Because the pictures are not wanted, give back only the exact text of every entry below.

Data for this task =
- Opening Delimiter -

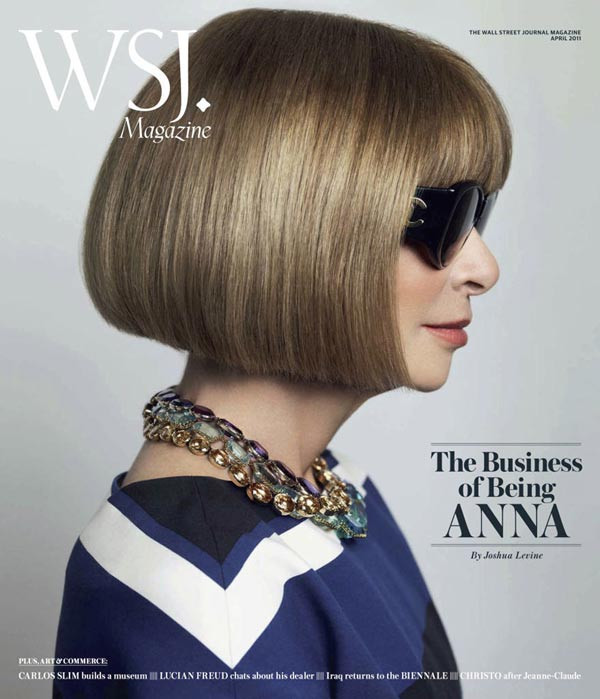 15. Anna Wintour Anna Wintour không phải là một người đẹp, cũng chẳng tham gia phim ảnh nhưng bà vẫn trở thành một biểu tượng của làng thời trang. Bà tổng biên tập tạp chí Vogue với khuôn mặt lạnh lùng và những quyết định đanh thép khiến cả làng thời trang đều bái phục. Hình ảnh bà với mái tóc Bob ngắn và đôi kính râm đen trên hàng ghế đầu của sàn catwalk đã quá quen thuộc với giới thời trang quốc tế. 15. Anna Wintour Anna Wintour không phải là một người đẹp, cũng chẳng tham gia phim ảnh nhưng bà vẫn trở thành một biểu tượng của làng thời trang. Bà tổng biên tập tạp chí Vogue với khuôn mặt lạnh lùng và những quyết định đanh thép khiến cả làng thời trang đều bái phục. Hình ảnh bà với mái tóc Bob ngắn và đôi kính râm đen trên hàng ghế đầu của sàn catwalk đã quá quen thuộc với giới thời trang quốc tế.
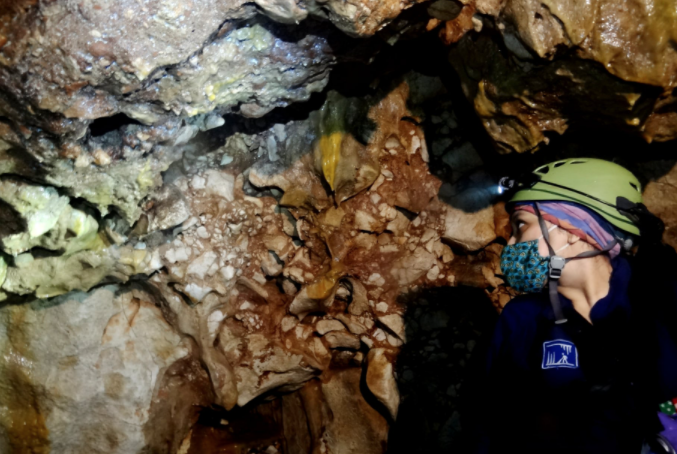 Los minerales propios de la cueva tienen un tono rojizo que hace la apariencia de un mural natural Foto: (Facebook Grupo Espeleológico Ajau)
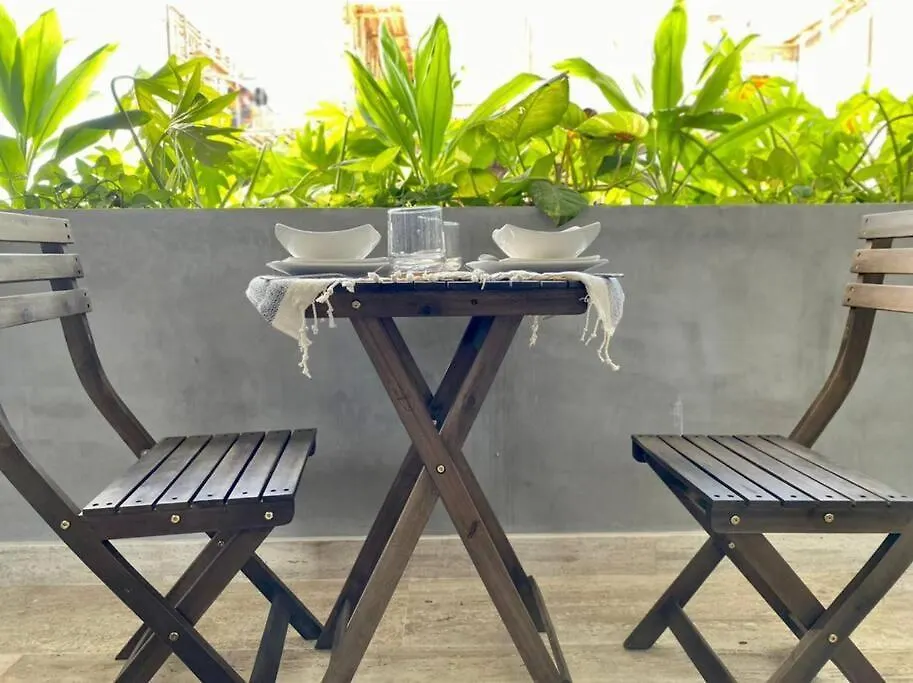 New! Luxury Top Floor Condo-Steps To 5Th-Fast Wifi Playa del Carmen 0*,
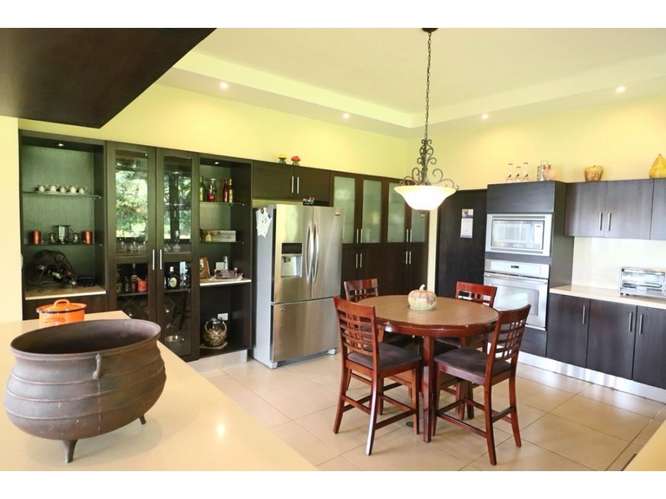 Quinta de lujo con 1,5 hectáreas y vista | San Isidro de Heredia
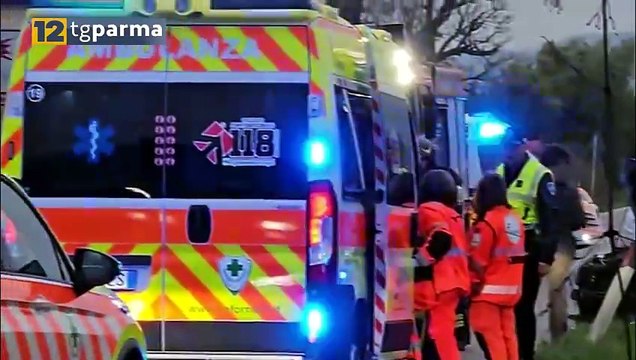 SCONTRO FONTALE ALLE 18 A OZZANO TARO, UN FERITO GRAVE | SCONTRO FONTALE ALLE 18 A OZZANO TARO, UN FERITO GRAVE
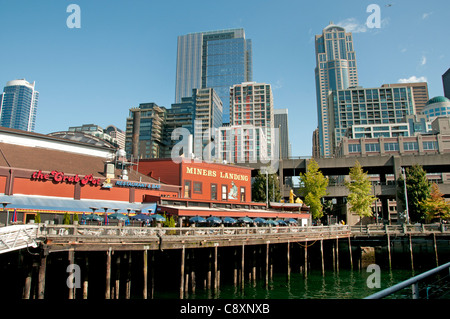 Negozi turistici ristorante Baia di Seattle Waterfront Downtown Washington Stati Uniti Foto Stock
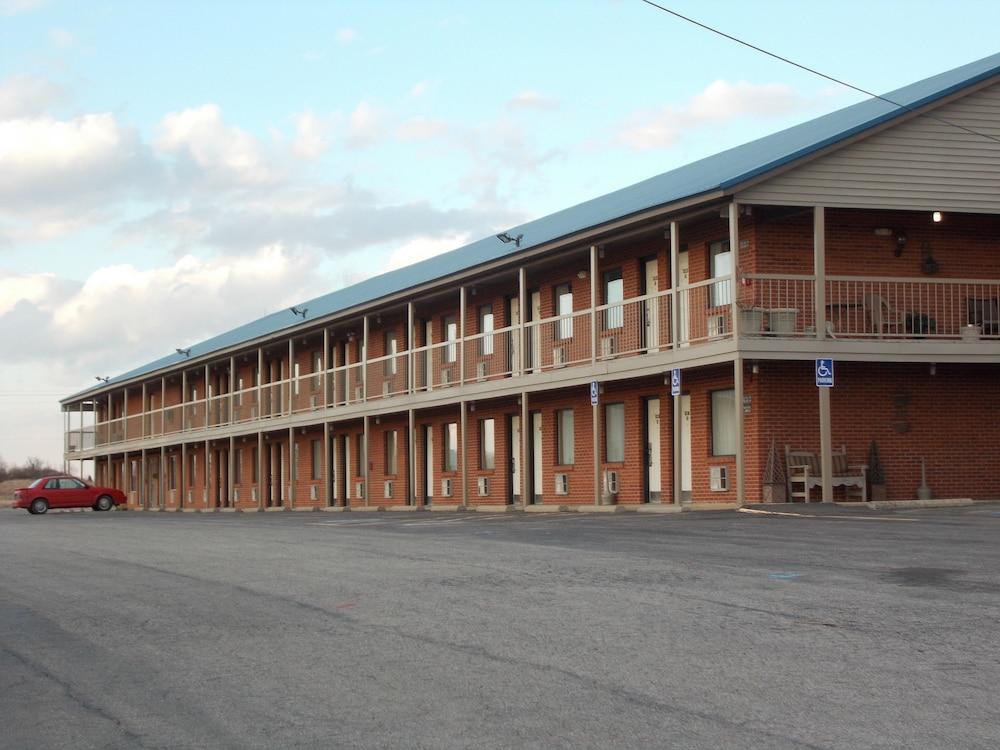 Motel 6-Metropolis, Il Exteriör bild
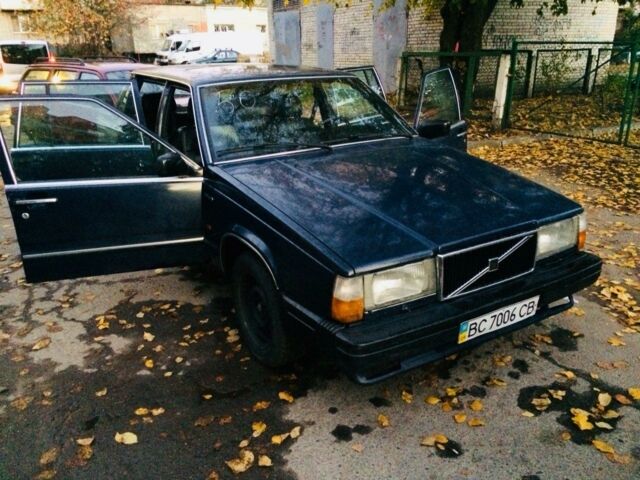 Синій Вольво 760, об'ємом двигуна 2.3 л та пробігом 100 тис. км за 1300 $, фото 1 на Automoto.ua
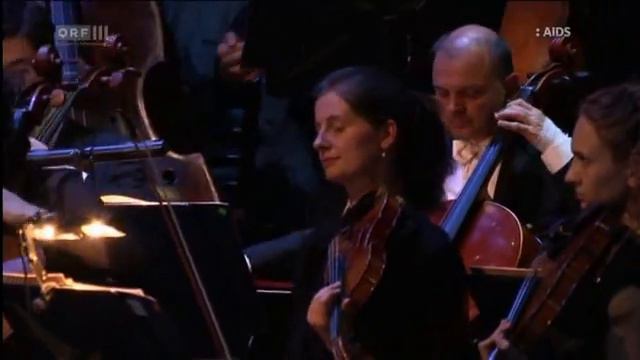 Ildebrando D'Arcangelo - Ave signor - Mefistofele (Vienna, 2013) смотреть онлайн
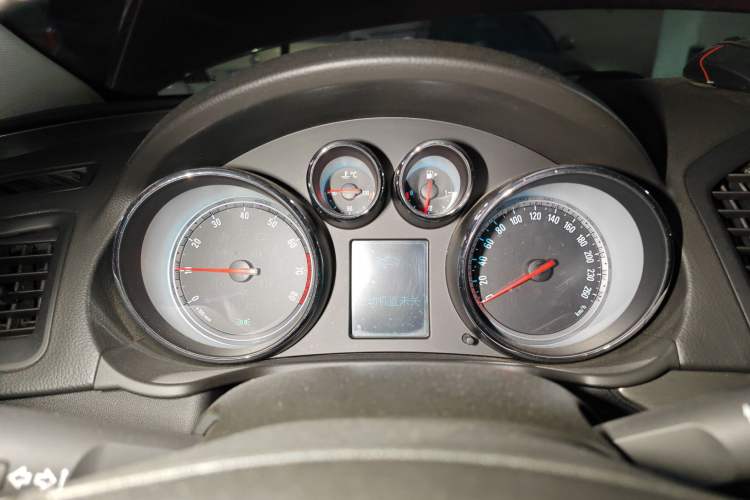 Used Buick Regal 2010 2.0T Flagship Sport Edition Instrument Cluster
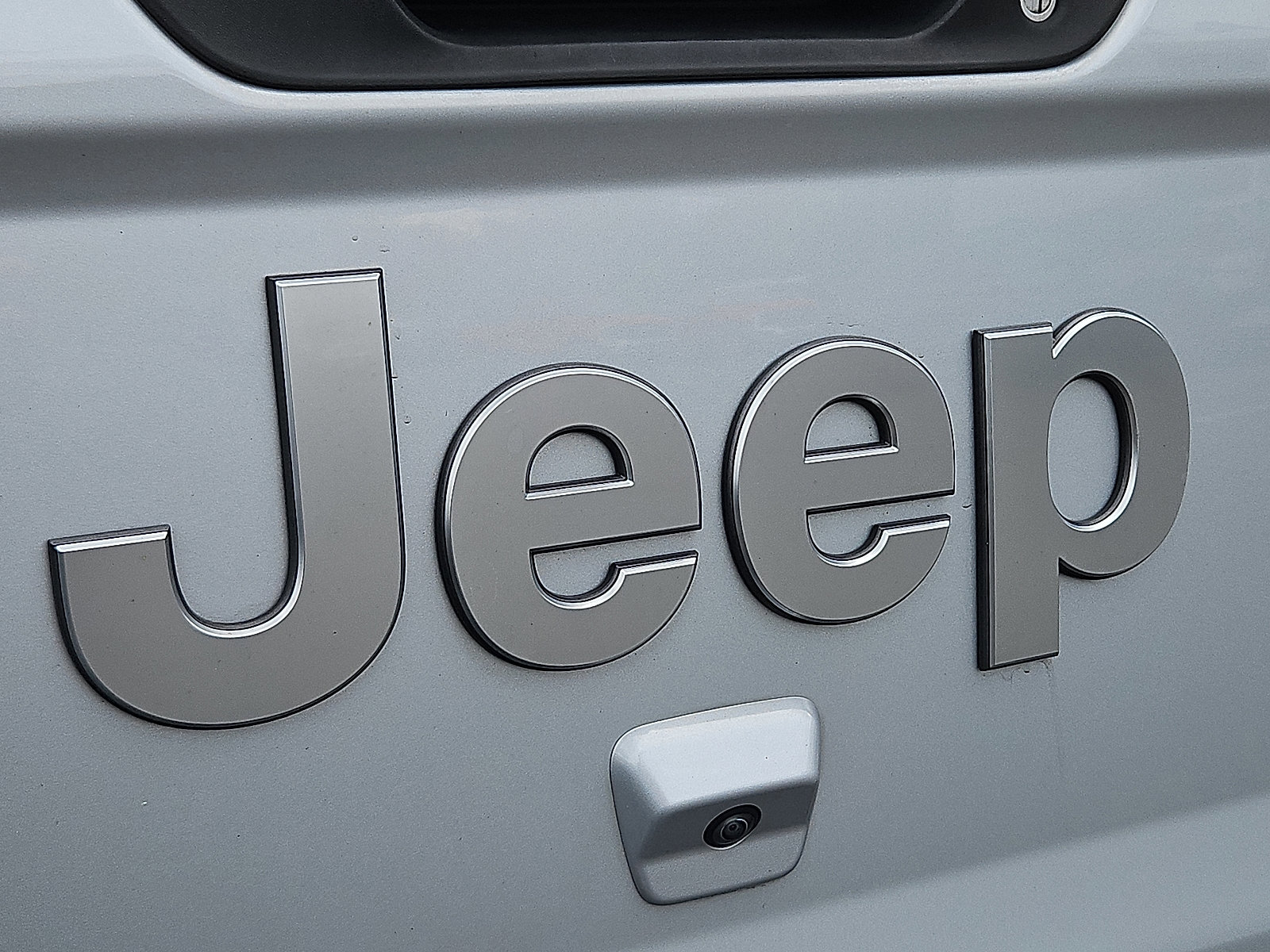 Used 2022 Jeep Gladiator Overland w/ Popular Equipment Package image 29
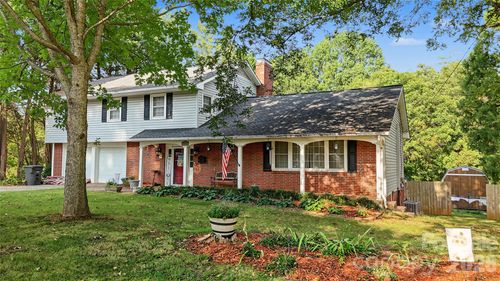 731 Club Dr, Statesville, NC, 28677-6021 | Card Image
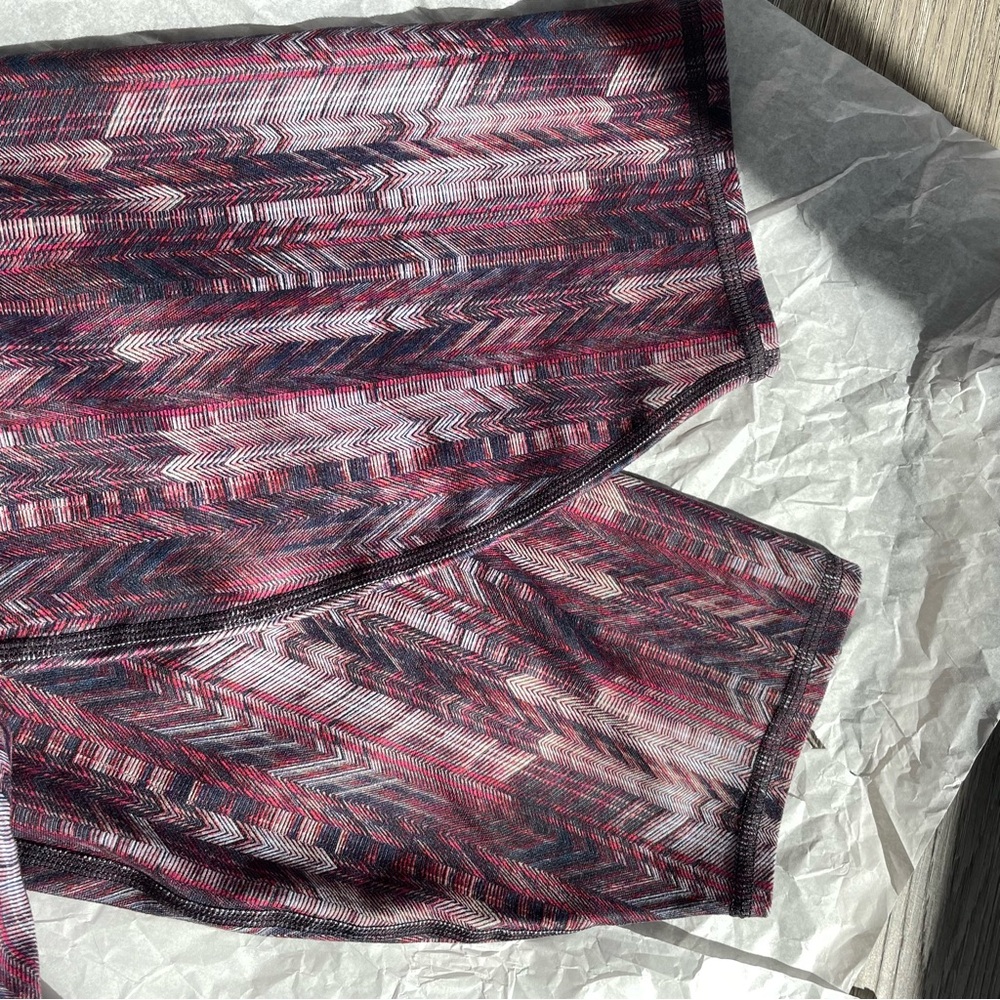 Fabletics High-Waisted Pattern Leggings With Phon… - image 7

- Closing Delimiter -

Result =
 15. Anna Wintour Anna Wintour không phải là một người đẹp, cũng chẳng tham gia phim ảnh nhưng bà vẫn trở thành một biểu tượng của làng thời trang. Bà tổng biên tập tạp chí Vogue với khuôn mặt lạnh lùng và những quyết định đanh thép khiến cả làng thời trang đều bái phục. Hình ảnh bà với mái tóc Bob ngắn và đôi kính râm đen trên hàng ghế đầu của sàn catwalk đã quá quen thuộc với giới thời trang quốc tế. 15. Anna Wintour Anna Wintour không phải là một người đẹp, cũng chẳng tham gia phim ảnh nhưng bà vẫn trở thành một biểu tượng của làng thời trang. Bà tổng biên tập tạp chí Vogue với khuôn mặt lạnh lùng và những quyết định đanh thép khiến cả làng thời trang đều bái phục. Hình ảnh bà với mái tóc Bob ngắn và đôi kính râm đen trên hàng ghế đầu của sàn catwalk đã quá quen thuộc với giới thời trang quốc tế.
 Los minerales propios de la cueva tienen un tono rojizo que hace la apariencia de un mural natural Foto: (Facebook Grupo Espeleológico Ajau)
 New! Luxury Top Floor Condo-Steps To 5Th-Fast Wifi Playa del Carmen 0*,
 Quinta de lujo con 1,5 hectáreas y vista | San Isidro de Heredia
 SCONTRO FONTALE ALLE 18 A OZZANO TARO, UN FERITO GRAVE | SCONTRO FONTALE ALLE 18 A OZZANO TARO, UN FERITO GRAVE
 Negozi turistici ristorante Baia di Seattle Waterfront Downtown Washington Stati Uniti Foto Stock
 Motel 6-Metropolis, Il Exteriör bild
 Синій Вольво 760, об'ємом двигуна 2.3 л та пробігом 100 тис. км за 1300 $, фото 1 на Automoto.ua
 Ildebrando D'Arcangelo - Ave signor - Mefistofele (Vienna, 2013) смотреть онлайн
 Used Buick Regal 2010 2.0T Flagship Sport Edition Instrument Cluster
 Used 2022 Jeep Gladiator Overland w/ Popular Equipment Package image 29
 731 Club Dr, Statesville, NC, 28677-6021 | Card Image
 Fabletics High-Waisted Pattern Leggings With Phon… - image 7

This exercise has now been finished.